35-36. Bring ’Em Back Alive and Tales Of The Gold Monkey (1982)
In the wake of Raiders Of The Lost Ark, ABC and CBS quickly scrambled to come up with their own small-screen take on classic adventure serials, with the fruit of the networks’ labors premièring within two days of each other. ABC struck first blood with Tales Of The Gold Monkey, starring Star Trek: The Motion Picture alumnus Stephen Collins as Jake Cutter, a former Flying Tiger who, with his trusty one-eyed dog Jake by his side, soared through the skies in a Grumman G-21 Goose, delivering air cargo while battling the occasional Nazi. Meanwhile, CBS decided to dig into the recent history books, transforming real-life adventurer/big-game hunter Frank Buck into the lead character of Bring ’Em Back Alive, where he was played by a just-barely-pre-Scarecrow And Mrs. King Bruce Boxleitner. What both networks quickly learned, however, was that Raiders’ success had less to do with serial-styled action and more to do with the combination of Harrison Ford, George Lucas, and Steven Spielberg; both series were finished after a single season.
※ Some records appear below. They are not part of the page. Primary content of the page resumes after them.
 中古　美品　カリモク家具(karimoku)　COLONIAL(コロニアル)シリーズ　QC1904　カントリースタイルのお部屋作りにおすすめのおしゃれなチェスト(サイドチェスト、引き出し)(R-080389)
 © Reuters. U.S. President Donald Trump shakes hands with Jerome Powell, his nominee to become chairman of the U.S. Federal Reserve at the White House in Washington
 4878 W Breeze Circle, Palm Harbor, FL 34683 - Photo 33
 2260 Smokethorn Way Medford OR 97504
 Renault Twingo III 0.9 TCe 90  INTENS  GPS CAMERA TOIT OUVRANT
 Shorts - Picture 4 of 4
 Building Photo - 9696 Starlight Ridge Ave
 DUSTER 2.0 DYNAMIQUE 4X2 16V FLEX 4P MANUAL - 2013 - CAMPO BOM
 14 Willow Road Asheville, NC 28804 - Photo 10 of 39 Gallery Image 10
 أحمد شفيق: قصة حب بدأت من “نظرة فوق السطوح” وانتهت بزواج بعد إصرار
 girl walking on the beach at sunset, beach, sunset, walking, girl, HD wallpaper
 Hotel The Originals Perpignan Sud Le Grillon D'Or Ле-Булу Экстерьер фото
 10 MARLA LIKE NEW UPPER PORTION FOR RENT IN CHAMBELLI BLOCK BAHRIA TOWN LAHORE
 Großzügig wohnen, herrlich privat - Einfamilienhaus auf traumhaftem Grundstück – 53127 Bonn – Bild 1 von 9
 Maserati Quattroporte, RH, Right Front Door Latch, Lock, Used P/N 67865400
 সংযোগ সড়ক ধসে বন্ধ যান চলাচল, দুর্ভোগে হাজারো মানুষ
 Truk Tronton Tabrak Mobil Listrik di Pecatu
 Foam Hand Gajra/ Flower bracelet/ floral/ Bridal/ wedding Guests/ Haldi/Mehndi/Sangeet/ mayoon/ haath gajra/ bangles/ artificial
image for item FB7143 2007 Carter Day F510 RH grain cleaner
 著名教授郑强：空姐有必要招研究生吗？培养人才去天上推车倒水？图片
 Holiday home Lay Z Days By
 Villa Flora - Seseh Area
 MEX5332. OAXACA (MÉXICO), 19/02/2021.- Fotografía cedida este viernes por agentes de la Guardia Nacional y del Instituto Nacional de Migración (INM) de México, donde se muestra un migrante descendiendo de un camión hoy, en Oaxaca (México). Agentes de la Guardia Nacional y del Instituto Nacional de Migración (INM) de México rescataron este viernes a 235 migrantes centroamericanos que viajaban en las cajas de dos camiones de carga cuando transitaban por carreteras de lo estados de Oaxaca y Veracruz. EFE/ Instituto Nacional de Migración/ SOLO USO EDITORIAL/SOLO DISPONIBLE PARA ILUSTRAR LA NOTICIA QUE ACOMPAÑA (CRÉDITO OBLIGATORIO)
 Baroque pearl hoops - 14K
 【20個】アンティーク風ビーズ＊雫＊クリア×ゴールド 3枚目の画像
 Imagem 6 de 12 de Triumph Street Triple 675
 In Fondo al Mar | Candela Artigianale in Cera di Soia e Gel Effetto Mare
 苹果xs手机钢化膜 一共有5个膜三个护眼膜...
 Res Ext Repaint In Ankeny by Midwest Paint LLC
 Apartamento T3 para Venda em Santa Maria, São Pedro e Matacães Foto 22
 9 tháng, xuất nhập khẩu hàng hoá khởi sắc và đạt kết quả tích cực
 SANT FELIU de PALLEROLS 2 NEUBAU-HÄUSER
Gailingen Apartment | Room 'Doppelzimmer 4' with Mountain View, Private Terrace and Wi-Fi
37-38. Supertrain and Time Express (1979)
During the late ’70s, viewers were unable to escape hourlong, guest-star-laden anthology dramas. Inspired by Saturday-night ratings juggernauts The Love Boat and Fantasy Island, Supertrain and Time Express offered several storylines tied together by a single shared location. Presumably working on the premise that what works on the water will equally rock on the rails, NBC created Supertrain, about a nuclear-powered train that featured ridiculously gauche amenities like a swimming pool and a shopping center, and regularly featured guests with romantic dilemmas or other business and personal woes. Heading out of the same station but taking a complete left turn, CBS offered up Time Express, starring real-life husband and wife Vincent Price and Coral Browne as the host and hostess of a locomotive capable of taking its passengers back in time to key moments of their pasts. Although the series were unabashedly modeled on The Love Boat and Fantasy Island, respectively, each reached its final destination before its episode count hit the double digits.